The club will have anticipated Besler's departure for the World Cup - and he duly headed off to represent his country before this weekend's game. Losing Opara to a long-term injury earlier in the year wasn't part of the plan, but this is why you have a squad. Further unexpected stress on the team's center back resources arrived this week when Olum was called up to play for his country, Kenya - he's out until the end of May. And then Collin pulled up lame in Besler's last match before USMNT training camp.
Erik Palmer-Brown made his MLS debut for KC this weekend as the only available recognized center back in the squad. And he got sent off.
Starting May 23rd, KC has three games in eight days. For which the team will most likely be missing Besler, Olum and Opara; Palmer-Brown will be suspended for the first of them; and Collin's injury may keep him sidelined for a while also.
On the bright side, Dominic Dwyer has scored four goals in three games, so if they can find someone - anyone - to hold down the center back slots, KC might still be able to get something out of this stretch.
2. LA Galaxy has a road problem
LA hasn't won a game on the road since besting the Whitecaps in Vancouver on August 24th of last year. (Games against stadium co-habitants Chivas USA don't count) And the last road win before that was May 15th, 2013 against Philly. The Galaxy lost again on the road again this week: 1-0 in Houston.
The result leaves LA at the bottom of the Western Conference, with just nine points.
This might not too big a deal: MLS teams have long struggled to pick up points away from home; last year, the only club that won more games on the road than it lost was KC. LA has an oddly unbalance schedule: it has played six of eight games on the road (OK - five on the road; one of those six was against Chivas and is one of LA's two wins for the year to date).

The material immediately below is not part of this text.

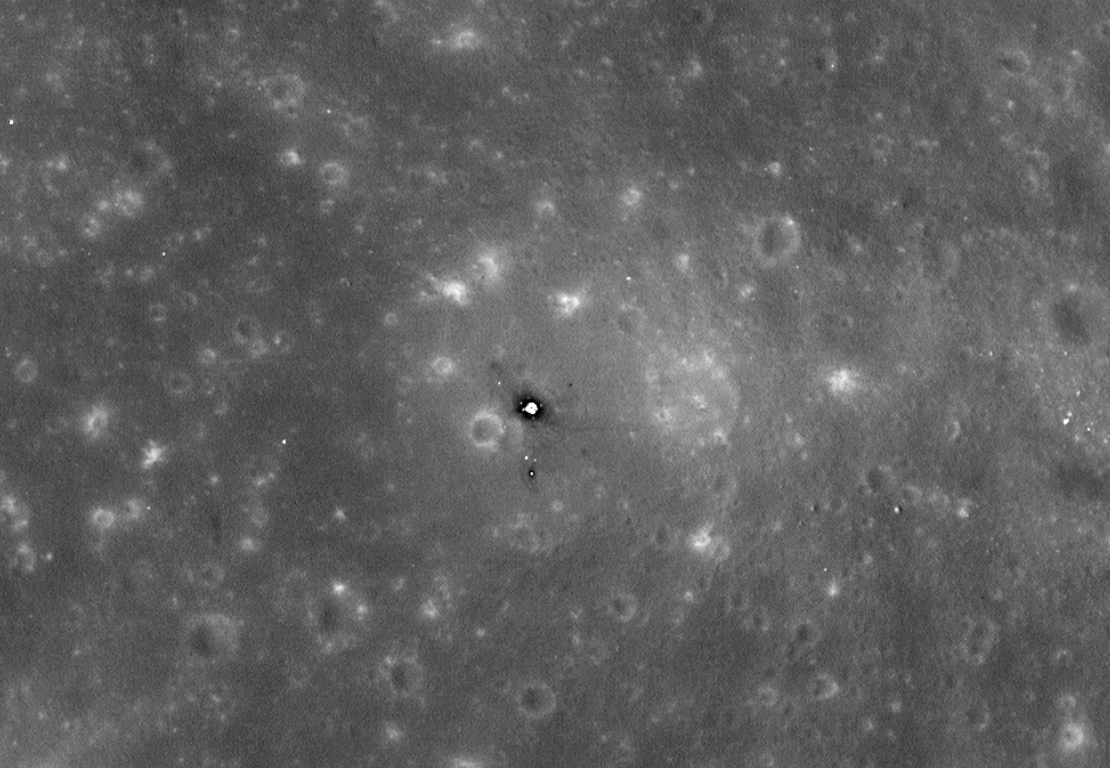 Снимок места прилунения Аполлон-17,сделанный спутником LRO.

Between now and the mid-June break, the Galaxy plays three out of four at home. Points are sorely needed to prevent the continuing road problems from keeping the club (already six points outside the playoff places in the West, though with three games in hand on Colorado) from sinking into a hole its absent World Cup stars (Landon Donovan and Omar Gonzalez) may otherwise find too deep to dig the team out of when they return.
3. Eddie Johnson CAN score a goal
EJ was left out of Jurgen Klinsmann's 30-man preliminary World Cup squad, which was a surprise - since Johnson had been a fairly regular part of Klinsi's camps and squads whenever available for selection. But goals have dried up for him recently. The most convincing explanation for EJ's failure to even get a call to the final audition for Brazil is the simplest: he's a striker who isn't scoring goals, and USMNT already has one of those (not for long though - right, Jozy?).
He spent most of the match against Montreal this weekend proving Klinsmann right: heading wide; failing to connect at all; or getting the angles wrong with his shooting.
And then, in the 84th minute, Eddie Johnson scored his first goal for D.C. United. It was simple - he beat a man in the air and nodded past the 'keeper - but it was well timed. EJ may have missed his chance for Brazil (though replacements can be called up for injured players at any time prior to the start of the tournament), but DC couldn't carry a scoreless striker indefinitely.
4. Uncapped Argentines run this league
Federico Higuain very nearly carried Columbus to an unlikely win in Portland in week 11. But the Crew was pegged back by goals from Maxi Urruti and Gaston Fernandez (and Diego Valeri's playmaking abilities, but he has played three times for Argentina, and thus is not included in this group).
Mauro Rosales doesn't count, because he has played for his country - but Martin Rivero has not, and he shared the credit with Rosales for setting up Chivas USA's goal this weekend.
Over in DC, Fabian Espindola coaxed Eddie Johnson into scoring a point-rescuing equalizer. In Salt Lake, Javier Morales went one better, setting up a goal and scoring the winner for his team.
The exodus of players to the World Cup this week has raised the question of which of the uncapped players in MLS is the best. It's a tough one to answer. Higuain might be the consensus choice after this weekend, but he just emerged from a three-game slump and his team is winless in eight matches.
Whoever it may be, he is likely Argentinian.
5. FC Dallas can't catch a break
KC's center back problem is extraordinary, but spare a thought too for once high-flying FC Dallas. The team needed a late goal to salvage a 1-1 draw at home this week. The result stemmed the tide of losses (four in a row up to this week), but extended the club's winless streak to five games.
As a team without any players headed to the World Cup, this part of the season - when other teams have sent players to Brazil - should be an opportunity for FCD to assert itself. Unfortunately, its strength has been sapped by injuries: George John is a long-term casualty; Kellyn Acosta started the year as first-choice right back, and is sidelined; playmaker Mauro Diaz (incidentally, also an Argentinian without a senior call-up for his country) is also out; midfield hard man Hendry Thomas pulled up lame recently.
And this week, set-piece maestro and FCD's top scorer, Michel, limped off mid-match. If he's out for any length of time (we'll have to wait for mid-week injury updates to find out), Dallas will officially have five bona fide starters unavailable - and in MLS, with limited squad numbers and depth, it's very hard to win when almost half your first-choice team can't play.